Baratain lança : — écoutez Monsieur le ministre d’État, la situation était déjà illégale…

Mussot explosa : Mais pas du tout du tout !

Baratain: il y a bien eu un référendum non ?…

Mussot : Certes, mais comme il y a eu ensuite l’élection présidentielle et comme le Président a déclaré que l’on devait à nouveau réévaluer l’ensemble, comme le Président est la plus haute instance juridique sa parole compte le plus, n’est-ce pas Monsieur le Président ?

Tous les regards fixèrent Le Président Marron qui fit d’abord un grand sourire, réajusta son nœud de cravate, fit jouer son stylo entre ses pouces, courba les épaules avant d’annoncer :

— Force doit rester à la loi.

Mussot et Baratain eurent un air satisfait, mais s’apercevant de cette incohérence ils regardèrent le Président d’un air inquiet, celui-ci le sentant toussa un peu, prit l’avis de sa conseillère (qui était en même temps celle de Mussot) puis lança :

— Dès demain on envoie la troupe, la fachosphère n’aura pas le dernier mot.

Immédiatement Mussot se retira pour se répandre dans les médias, n’attendant même pas que le porte-parole le fisse.

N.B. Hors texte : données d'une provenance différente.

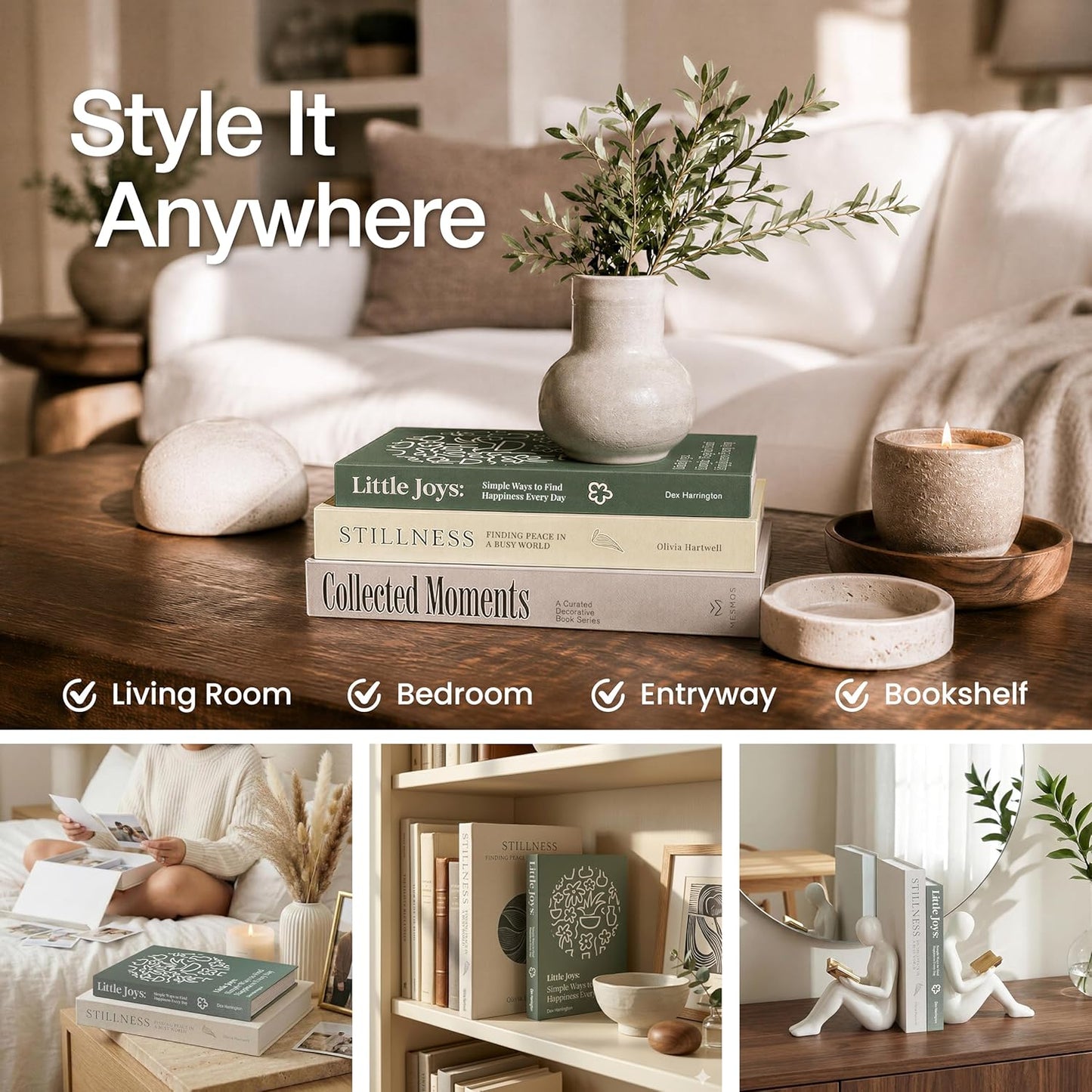 Coffee Table Decor Faux Books for Decoration / Mindfulness & Stillness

Les dés étaient donc joués. Le mur magnétique pouvait tenir, sauf si le Ministère des Armées lançait des contre-mesures qu’il était le seul à posséder, hormis mes troupes s’entend. J’en avais appelé aux patriotes, aux vendéens et aux bretons massacrés par la fausse République, que je n’appellerai pas la “gueuse” parce que je ne veux pas être amalgamé aux félons pétainistes, ils arrivaient par milliers,  mais les gendarmes les bloquaient alors qu’ils laissaient passer des milliers de blacks blocs venant d’Allemagne, d’Italie, et de divers pays satellites. J’étais en même temps poursuivi pour rébellion contre la loi, actions criminelles diverses, association de malfaiteurs, kidnapping, alors que j’avais défendu la légalité, et que la plus haute instance juridique, le Conseil Constitutionnel, et non pas le Président, avait botté en touche en appelant à la concertation, j’en avais pour vingt ans, en appel. Que faire ?

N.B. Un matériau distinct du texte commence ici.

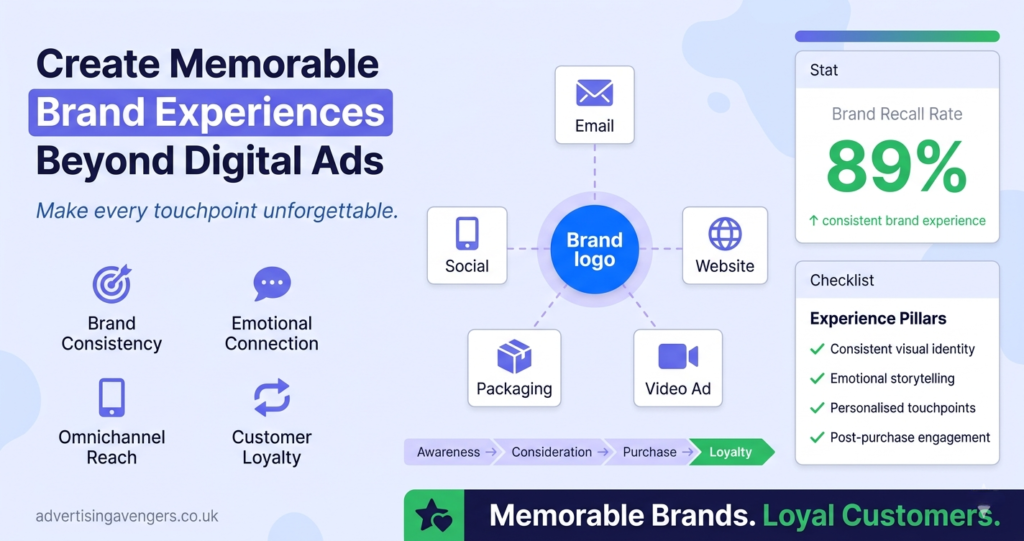 Brand experience concept showing emotional marketing, customer engagement, and multi-sensory branding beyond digital ads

Il y eut soudain un autre mouvement dans le pays, un mouvement de fond, des centaines de milliers, voire des millions se mirent à encercler les forces militaires qui s’apprêtaient à forcer le mur magnétique. Mussot explosait, demandant leur évacuation, en appelait à la République lui aussi, les gendarmes étaient pris entre deux feux, les blacks blocs d’un côté, les patriotes de l’autre, je décidai une action d’envergure : on construisit un tunnel juste en dessous des blacks blocs qui faisaient face aux gendarmes, l’ordre n’avait pas été encore donné à ces derniers de se retourner et d’attaquer le mur avec leurs pistolets subsoniques capables de démanteler les circuits courts des cellules composant le mur. Course contre la montre. Mussot trépignait aux côtés des préfets et aux autres commandants de division chargés de l’assaut.

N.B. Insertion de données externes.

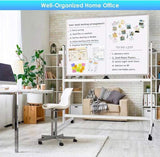 CARLA HOME Double-Sided Magnetic Whiteboard 120x90cm with Wheels, Reversible Design for School, LSB-36222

Au moment où mes 400 firent tomber les blacks blocs dans le trou prévu à cet effet, je fis une intervention expliquant qu’il fallait rétablir l’autorité de l’État, qu’il fallait cet aéroport international pour éviter que l’on passe par Paris pour décoller hors d’Europe, la région le voulait, c’était vital, même si Bordeaux n’en voulait pas, fière de sa connexion TGV en deux heures. Rien n’y fit. Les gendarmes appuyés par les paras donnèrent l’assaut. C’était Alger. Saïgon. Sauf que les rebelles qui voulaient leur indépendance, les légitimistes qui voulaient qu’un vote soit respecté, c’étaient nous, pas eux.